TV manufacturers are bracing themselves for debilitating price war by the end of 2012, sparked by an oversupply of flat-screen televisions on the global market as a result of several Chinese production plants becoming fully operational at that time. Drawing comparisons with certain apocalyptic prophecies related to the end of the Mayan calender, concerned officials in the HDTV industry have even labelled it “the 2012 problem”.
From this year onwards, a number of factories in China will start operating at full tilt to churn out flat-screen panels (which will then be fitted on television sets sold by various brands), leading to a sixfold increase in production capacity by 2012 from the levels seen in 2009. Next year, the output from China is expected to match that from Japan, effectively flooding the market with an excess supply of TVs which may depress prices even further.

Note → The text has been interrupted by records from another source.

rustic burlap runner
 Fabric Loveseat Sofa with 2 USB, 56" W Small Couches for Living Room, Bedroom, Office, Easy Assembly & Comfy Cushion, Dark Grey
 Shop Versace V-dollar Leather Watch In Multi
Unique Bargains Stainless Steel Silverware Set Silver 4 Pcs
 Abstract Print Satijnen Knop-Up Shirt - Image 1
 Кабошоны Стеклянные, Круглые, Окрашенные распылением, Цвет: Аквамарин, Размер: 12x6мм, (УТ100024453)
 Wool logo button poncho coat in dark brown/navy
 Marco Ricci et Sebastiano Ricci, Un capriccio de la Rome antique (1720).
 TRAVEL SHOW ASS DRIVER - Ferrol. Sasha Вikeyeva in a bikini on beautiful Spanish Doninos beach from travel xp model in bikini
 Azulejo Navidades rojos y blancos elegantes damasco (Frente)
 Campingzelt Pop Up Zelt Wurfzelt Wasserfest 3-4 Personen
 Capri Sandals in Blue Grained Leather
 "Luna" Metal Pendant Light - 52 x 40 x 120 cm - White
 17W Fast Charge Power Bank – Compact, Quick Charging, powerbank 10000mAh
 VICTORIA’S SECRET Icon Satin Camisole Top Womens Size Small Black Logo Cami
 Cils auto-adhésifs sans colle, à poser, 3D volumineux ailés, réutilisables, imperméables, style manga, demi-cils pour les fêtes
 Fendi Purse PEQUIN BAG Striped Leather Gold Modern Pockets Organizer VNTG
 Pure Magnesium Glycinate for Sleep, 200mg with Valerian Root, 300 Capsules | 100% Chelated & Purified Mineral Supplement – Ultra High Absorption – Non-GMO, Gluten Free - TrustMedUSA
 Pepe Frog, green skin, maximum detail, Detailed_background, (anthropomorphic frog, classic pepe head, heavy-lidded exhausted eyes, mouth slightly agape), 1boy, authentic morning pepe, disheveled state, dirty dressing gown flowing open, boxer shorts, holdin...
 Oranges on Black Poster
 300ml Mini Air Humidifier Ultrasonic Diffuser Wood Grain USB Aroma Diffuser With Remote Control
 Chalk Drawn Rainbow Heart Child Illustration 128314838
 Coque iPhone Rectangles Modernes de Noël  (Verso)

Japanese TV makers will likely be hit hardest. Having posted a loss of 26 billion yen (around £197 million) between April and December last year, Sony’s televisions business looks nailed-on to register its seventh straight year of loss when the company reveals its accounts for the 2010 financial year ending March this year. Osaka-headquartered Panasonic isn’t doing much better either: the corporation’s TV-manufacturing division is expected to suffer its third consecutive year of loss for the current business year. The persistent strength of the Japanese yen currency – which dilutes revenues earned from foreign markets – certainly has not helped matters.
Television manufacturers from Japan are also struggling to make inroads in China, which has recently supplanted North America as the world’s biggest market for flat-screen TV displays with 39 million units sold in 2010. Aided by sales and customer service networks that grant access to the inland areas which are otherwise difficult for foreign companies to penetrate, Chinese TV makers have together captured an astounding 78% of the country’s flat-panel television market in the final quarter of 2010. By contrast, Sharp – the leading Japanese TV brand – only took 5.1% of the market share.